Wissen = Das, was entstehen lässt = Elternschaft = „Vater“
Erfahren = Das, was zur Entstehung gebracht wird = Nachkommen = „Sohn“
Sein = Das, was ist = „hl. Geist“

Der freie Wille – unser größtes Geschenk

Das größte Geschenk, das wir Menschen bekommen haben, ist unser freier Wille. „Dein Wille für dich, ist Gottes Wille für dich.“ Unser Leben ist damit kein „Entdeckungsprozess“, oder etwa eine „Schule“, sondern vielmehr ein Schöpfungsprozess.
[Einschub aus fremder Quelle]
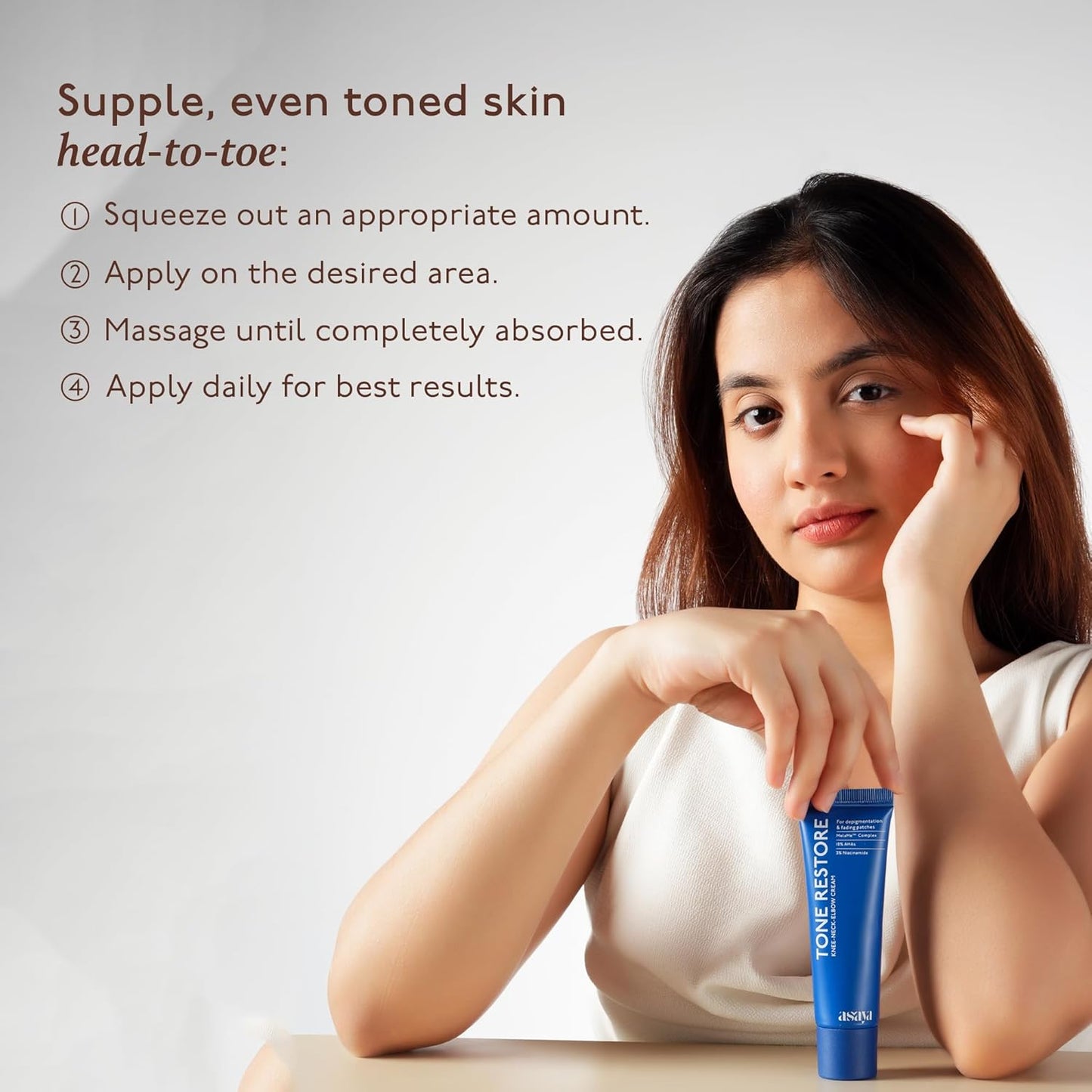 Woman with a skincare product and instructions for supple, even-toned skin on a white background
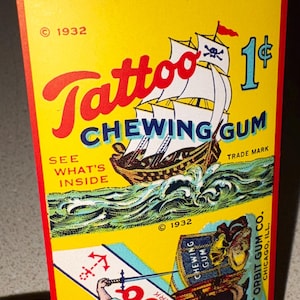May include: Vintage Tattoo Chewing Gum package from 1932. The yellow package features a pirate ship with a skull and crossbones flag, the text "Tattoo Chewing Gum", and the price of 1&cent;. The package also includes an illustration of a sailor.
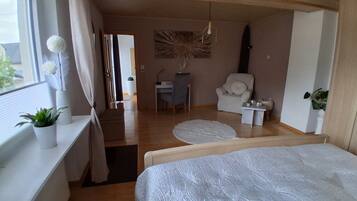 Een slaapkamer met een bed, een bureau, een stoel en een raam met gordijnen.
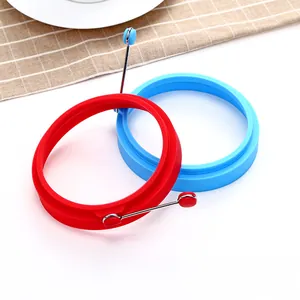 Food grade round silicone egg rings in red and blue with stainless steel handles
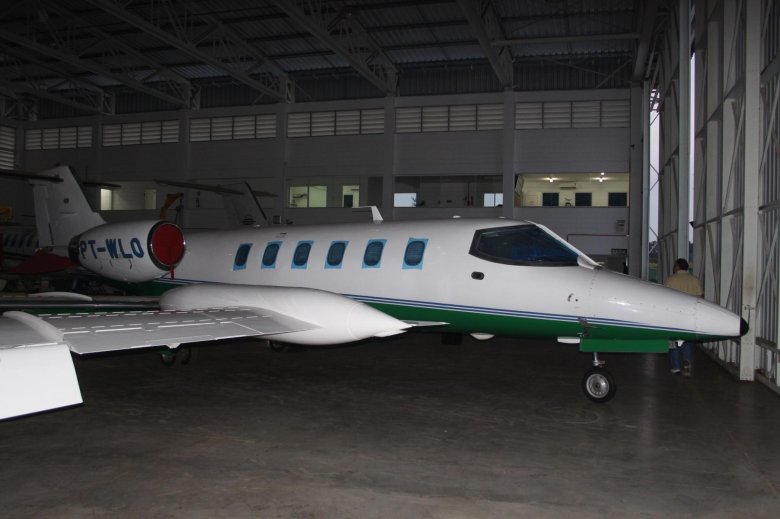 Girl sitting on Learjet 25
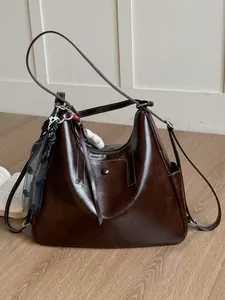 Grande borsa tote marrone in ecopelle con dettaglio sciarpa in ambiente luminoso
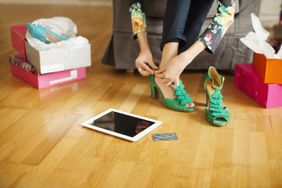 woman trying on green high heels with tablet and credit card
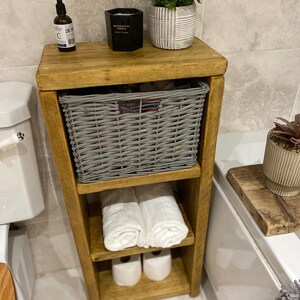 May include: A wooden bathroom storage shelf with three shelves. The top shelf has a gray wicker basket, a black candle, and a small bottle of liquid. The middle shelf has two white towels rolled up. The bottom shelf has two rolls of toilet paper. The shelf is in a bathroom with white tile floors and a white bathtub.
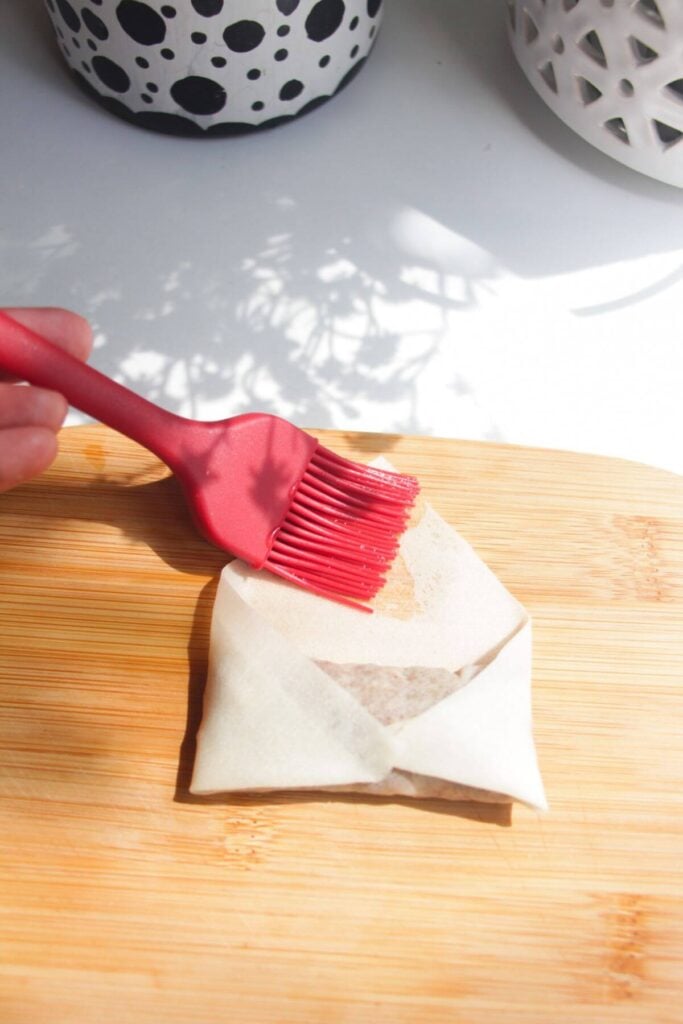 Brushing water on spring roll wrapper.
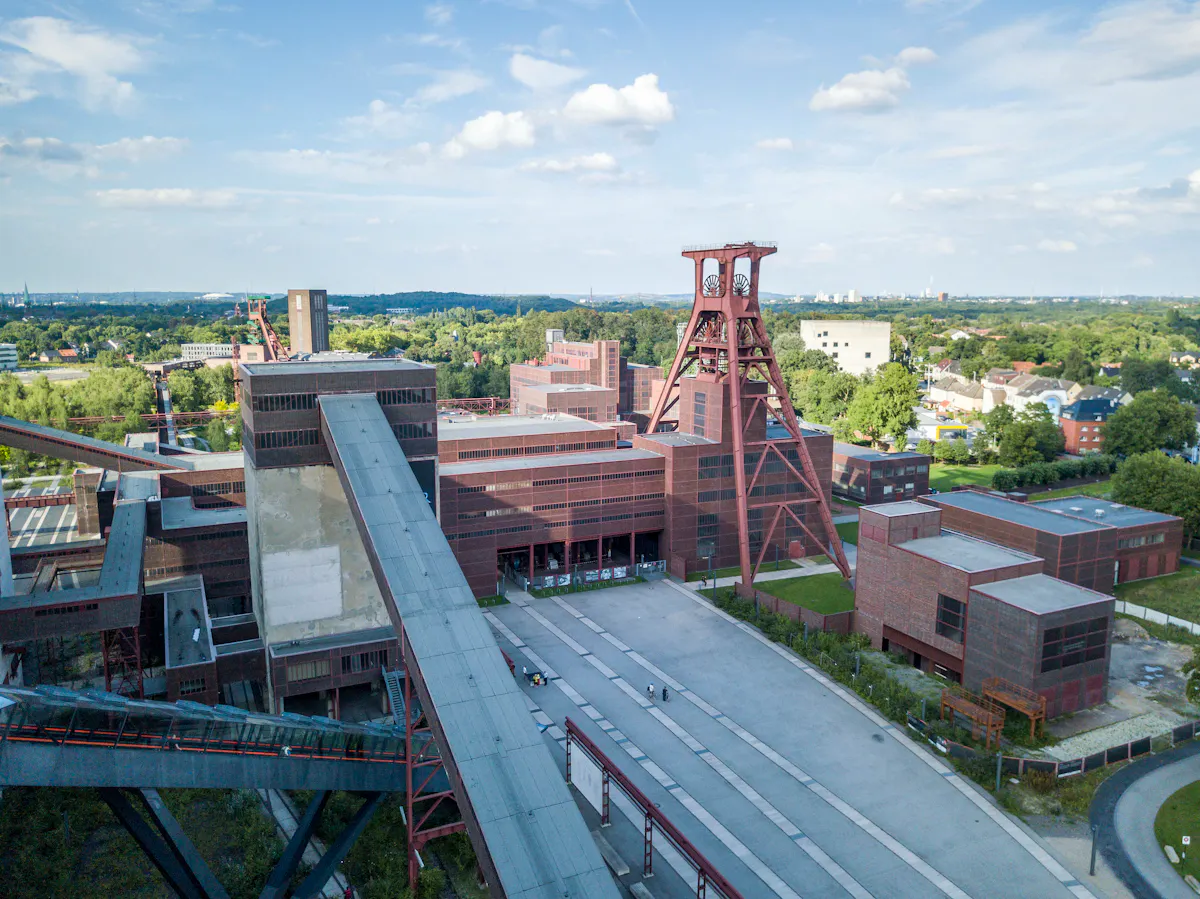 Luftaufnahme des UNESCO-Welterbes Zollverein in Essen bei Tageslicht. Im Zentrum steht das markante Doppelbock-Fördergerüst auf Schacht XII, das mit seiner roten Stahlkonstruktion als architektonisches Wahrzeichen des Ruhrgebiets gilt. Umgeben ist es von symmetrisch angeordneten Backsteingebäuden im Bauhaus-Stil. Förderbänder verlaufen wie Adern über das Gelände. Im Hintergrund erstreckt sich das grüne Ruhrgebiet mit Bäumen, Häusern und dem Horizont.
Jeder Gedanke ist schöpferisch, jedes Gefühl und jede Erfahrung. So viele von uns stecken fest in der Opferrolle. Sie sind allen Umständen ihres Lebens ausgeliefert. Mir ging das auch lange so. Wir denken, wir sind machtlos und übernehmen damit keinerlei Verantwortung. Darum ist auch immer an allem irgendjemand/irgendetwas anderes Schuld. Doch Gedanken sind Energie. Der erste Gedanke ist der Entscheidende. Der erste Gedanke ist Liebe oder Angst. Oft mag uns dies zunächst nicht so offensichtlich erscheinen. Jede Entscheidung, alle weiteren Gedanken und dadurch entstehende Gefühle entstammen entweder der Angst oder der Liebe. Du bist selbst verantwortlich für dich und deine Gedanken. Beobachte, was du denkst. Hinterfrage, ob das Gedachte wirklich „wahr“ ist. Vieles glauben wir einfach, weil es uns so oft gesagt wurde oder weil wir es uns selber unbewusst so oft sagen (Glaubenssätze wie „Ich bin es nicht wert“, „Ich bin doof“, „Geld muss man sich hart erarbeiten“ usw.) Dies schränkt unsere Kraft unglaublich ein. Alle Grenzen bestehen nur in unseren Köpfen. Wenn du dich selbst nicht einschränkst, ist deine Schöpfungskraft, dein Wille unendlich groß.

Unser Gottesbild

Wir, die Menschheit, hat sich einen „Gott“ gebildet, der ihnen selbst entspricht. Wie viele von uns glauben an einen Gott, der nicht bedingungslos liebt, sondern nur die „guten“ Menschen. Wie viele glauben an einen Gott, der belohnt und bestraft, der richtet über unser Leben. In dieser Vorstellung über Gott ist unsere von Angst geprägte Weltvorstellung sichtbar. Es entspricht genauso wenig der Wahrheit, wie die Glaubenssätze, die wir über die Welt und über uns selbst in uns tragen.

„Gott“ verabscheut nichts, lehnt nichts ab, belohnt und bestraft nicht, wertet nicht, hat keine Bedürfnisse, will nicht Lob gepriesen werden. Gott erfährt sich durch uns. Er IST einfach. Liebe IST. Liebe ist freudig, strahlend, liebend, wohlwollend, alles annehmend, dankbar.

Dieses Buch hat meine Weltansicht auf den Punkt getroffen. Zusammenhänge werden so klar. Eigentlich ist alles so einfach. Und doch so unglaublich komplex.

Wie bezeichnest du „Gott“ für Dich? Welche Glaubenssätze hast du über die Welt und über dich selbst?

Du bist so wertvoll – für dich und die Welt.

Du bist Liebe. „Gott“ ist in dir – als du.